I still can’t believe it. And I don’t get to find out the results until December. I don’t even know if it is early December or late December.

But at least I can now watch TV without practicing my simultaneous translation skills. “¡No… debo.. comerle.. el… cerebro… a.. mi hijo!“.

No, I am not translating that. I am not on the clock.

I got credit!

October 24, 2006

So, for no good reason, I use Google to search myself. Among the sites that list my name, KidAngel Foundation, a nonprofit for which I volunteered my translation services has listed my name and given me credit for my work.

Newcomers to the translation industry may consider volunteering their translation services. Let’s forget for a minute that it will give you valuable experience. It also entails feeling good about doing good work, .

Practicing for the exam

October 19, 2006

My oral exam for certification as a court interpreter is in 9 days. Nine days of practicing, studying, and worrying, worrying, worrying.

I have had some practice sessions for consecutive translations during the past few days. I have noticed how often my hands want to participate in the translation process. I have to remind myself that I am not competing in a charades tournament.

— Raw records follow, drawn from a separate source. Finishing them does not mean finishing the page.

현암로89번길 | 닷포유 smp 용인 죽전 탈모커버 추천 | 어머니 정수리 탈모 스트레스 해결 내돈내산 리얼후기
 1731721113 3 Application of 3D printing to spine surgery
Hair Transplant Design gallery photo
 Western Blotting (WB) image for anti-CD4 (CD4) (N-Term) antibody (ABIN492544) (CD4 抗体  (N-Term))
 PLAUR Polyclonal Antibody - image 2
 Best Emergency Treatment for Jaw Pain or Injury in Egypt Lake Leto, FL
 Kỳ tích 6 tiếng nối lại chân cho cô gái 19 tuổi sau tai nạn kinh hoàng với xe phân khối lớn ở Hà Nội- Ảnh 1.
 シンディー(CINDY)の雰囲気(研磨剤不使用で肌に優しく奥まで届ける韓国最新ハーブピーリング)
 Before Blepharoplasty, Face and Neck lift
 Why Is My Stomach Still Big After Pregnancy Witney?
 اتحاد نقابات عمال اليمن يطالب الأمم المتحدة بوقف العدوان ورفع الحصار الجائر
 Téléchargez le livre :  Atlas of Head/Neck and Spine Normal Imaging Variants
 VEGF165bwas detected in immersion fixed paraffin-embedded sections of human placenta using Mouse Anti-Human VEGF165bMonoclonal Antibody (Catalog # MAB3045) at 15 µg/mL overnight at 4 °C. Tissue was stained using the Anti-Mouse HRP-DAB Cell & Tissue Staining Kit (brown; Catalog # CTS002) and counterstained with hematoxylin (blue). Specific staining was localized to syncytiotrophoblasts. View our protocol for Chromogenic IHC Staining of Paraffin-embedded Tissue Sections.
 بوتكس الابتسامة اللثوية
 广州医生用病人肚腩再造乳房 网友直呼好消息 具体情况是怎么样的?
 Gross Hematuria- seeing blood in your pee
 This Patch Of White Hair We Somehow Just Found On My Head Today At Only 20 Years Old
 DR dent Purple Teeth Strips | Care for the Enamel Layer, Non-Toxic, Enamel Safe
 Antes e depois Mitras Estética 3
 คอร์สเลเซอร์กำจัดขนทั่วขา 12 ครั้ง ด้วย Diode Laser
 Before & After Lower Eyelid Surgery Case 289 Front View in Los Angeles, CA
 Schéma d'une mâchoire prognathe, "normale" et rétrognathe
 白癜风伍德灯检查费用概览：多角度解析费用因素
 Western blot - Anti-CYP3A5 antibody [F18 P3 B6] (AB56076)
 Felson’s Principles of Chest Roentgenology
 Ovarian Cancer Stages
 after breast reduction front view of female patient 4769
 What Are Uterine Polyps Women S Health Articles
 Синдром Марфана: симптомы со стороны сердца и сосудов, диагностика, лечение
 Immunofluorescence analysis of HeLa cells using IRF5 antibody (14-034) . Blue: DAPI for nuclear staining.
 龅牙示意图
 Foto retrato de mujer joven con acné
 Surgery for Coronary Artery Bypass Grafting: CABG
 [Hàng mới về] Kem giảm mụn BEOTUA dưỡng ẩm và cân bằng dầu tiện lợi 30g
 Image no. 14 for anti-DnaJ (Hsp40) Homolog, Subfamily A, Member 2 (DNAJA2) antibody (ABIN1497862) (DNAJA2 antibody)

I am also studying my glossary and learning all sorts of vulgar terms for bodily functions and the like. It is hard to believe that studying all these cusswords is a valid use for my time.

Things I need to worrry about, things I don’t

October 13, 2006

Things I worry about that I probably shouldn’t:

  • The conclusions to which other people arrive when they see me.
  • The prospect of nerves overcoming me at the oral interpreter test and making me vomit all over the judging panel.

Things I don’t worry about even though I should:

  • Making sure I take the time to study for the test.
  • Doing the laundry so that not a single member of my household is forced to go to work/school wearing a Halloween costume even though it is not Halloween.
  • That my larder contains food that could actually be used for cooking a meal. No, chips and salsa do not count.

Nine hundred and ninety-nine pieces

October 4, 2006

This was not the post I wanted to write.

I wanted the cyber equivalent of a dance of joy. As I found out yesterday, the score on my written test (passing is 70%; I scored 95%) qualified me to take the oral test for court interpreters later this month.

After doing an Internet search, I found an article with tips for preparing for the oral test. It consists of three parts: sight translation, consecutive translation, and simultaneous translation. The article suggested reading news and practicing translating these. So far, so good.

So, I log on to cnn.com. By now, we all now that on Monday, a truck driver went into a one-room schoolhouse in an Amish community and shot several young schoolgirls. For some reason, I logged on to an interview with an official describing the events. And I tried to interpret, in a simultaneous fashion, the way the articles describe. If you find a word you don’t understand, skip it and move on. Don’t add, don’t leave out information. Be professional and keep an emotional distance.

Even if your heart breaks into 999 pieces.